*** Opening of Task inputs ***

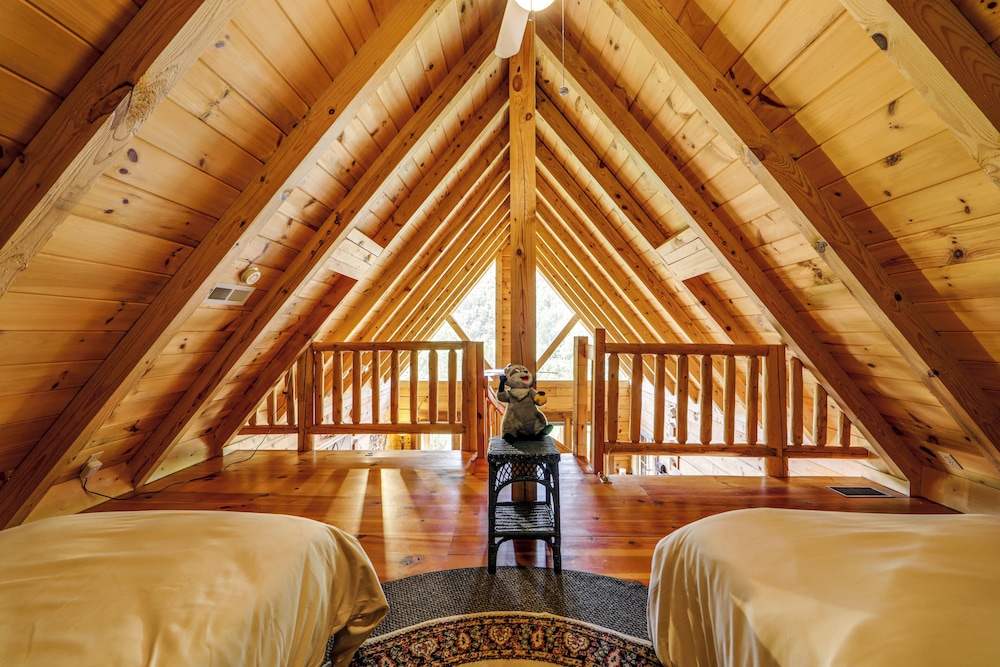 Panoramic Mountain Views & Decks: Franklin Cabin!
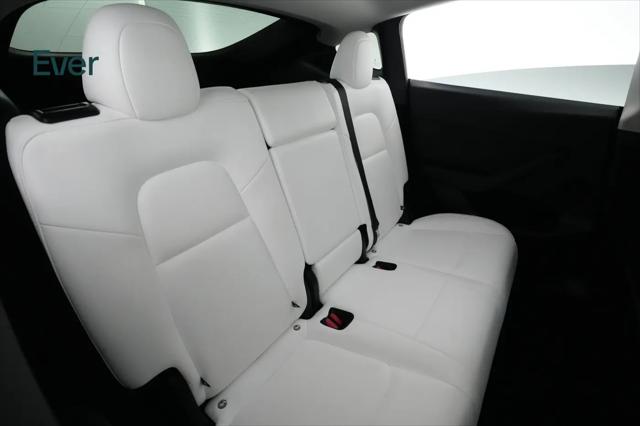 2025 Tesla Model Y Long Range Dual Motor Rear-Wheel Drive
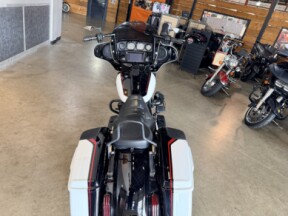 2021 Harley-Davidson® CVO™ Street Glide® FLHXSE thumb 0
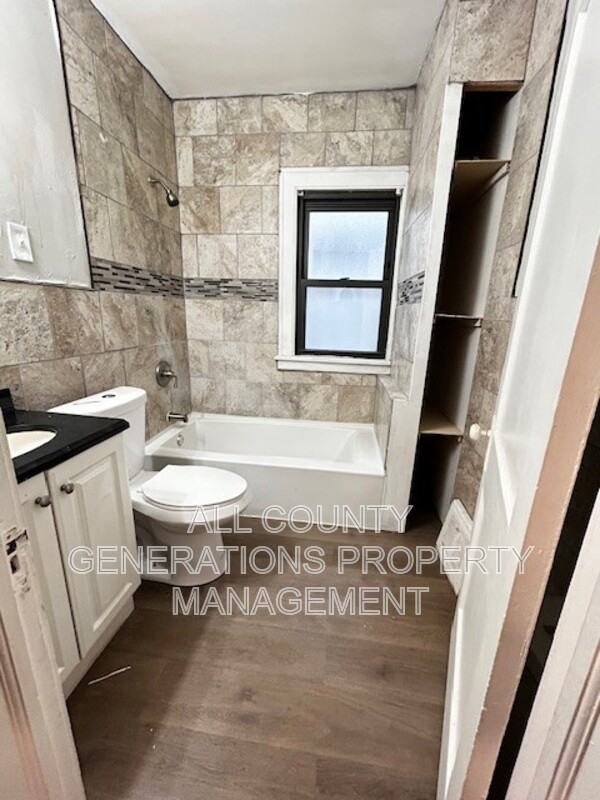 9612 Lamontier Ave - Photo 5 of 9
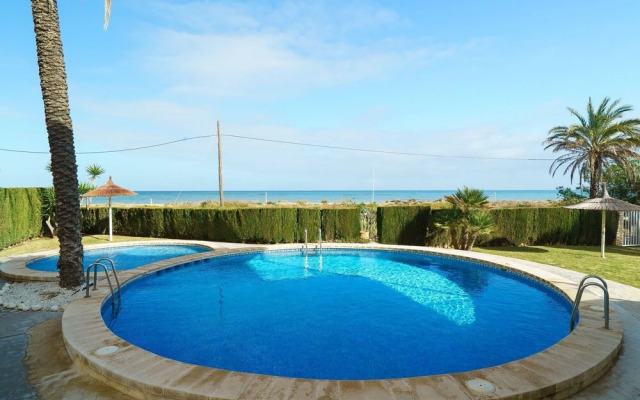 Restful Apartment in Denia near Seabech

*** Close of Task inputs ***
*** Opening of Task inputs ***

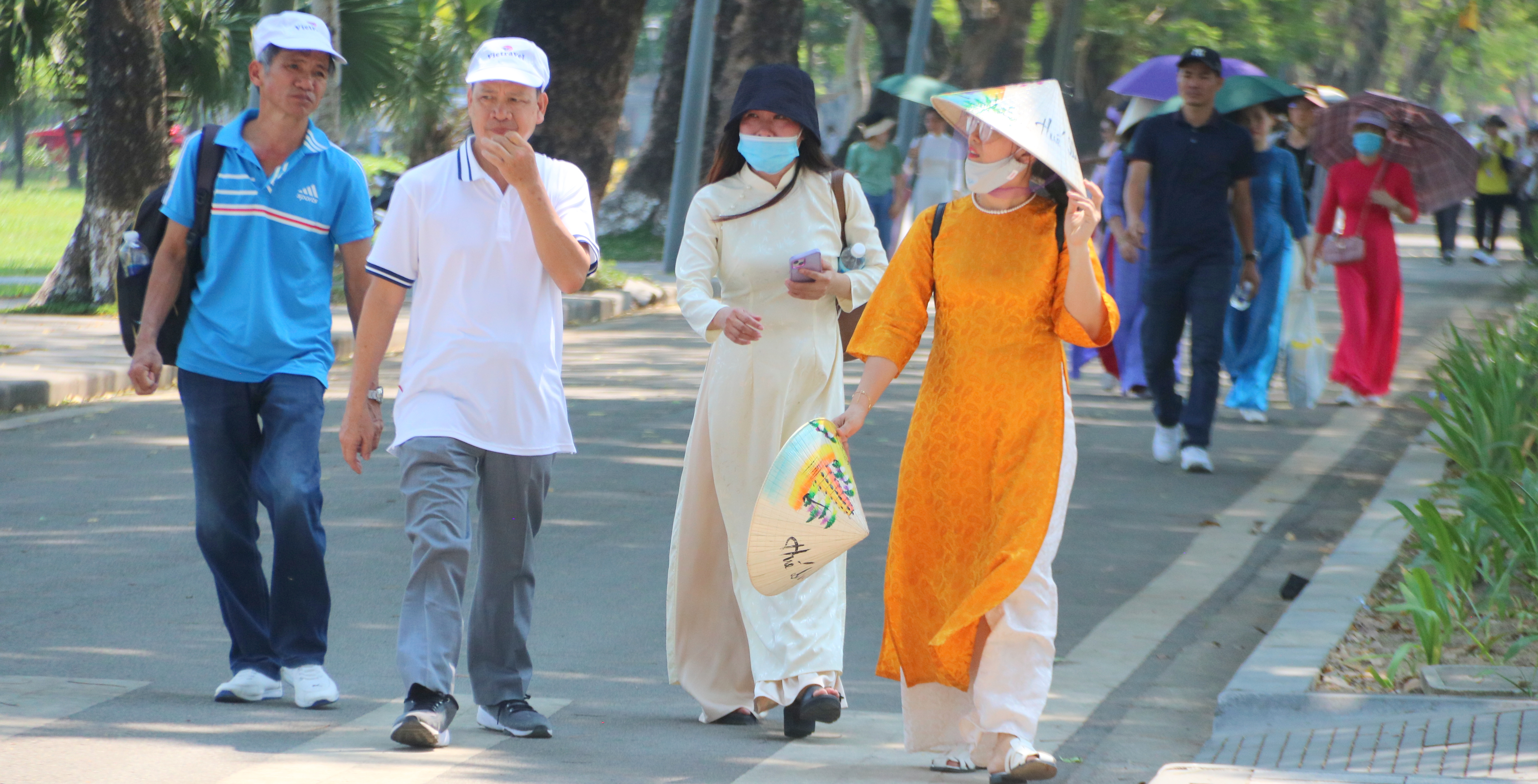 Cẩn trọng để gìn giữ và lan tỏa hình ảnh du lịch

*** Close of Task inputs ***

> [What the exercise asks]: With the pictures omitted, copy exactly the lines of the listing above starting at the line containing "Panoramic Mountain Views" and ending at the line containing "Restful Apartment in Denia near Seabech", both included.

> [Result for this task]:
 Panoramic Mountain Views & Decks: Franklin Cabin!
 2025 Tesla Model Y Long Range Dual Motor Rear-Wheel Drive
 2021 Harley-Davidson® CVO™ Street Glide® FLHXSE thumb 0
 9612 Lamontier Ave - Photo 5 of 9
 Restful Apartment in Denia near Seabech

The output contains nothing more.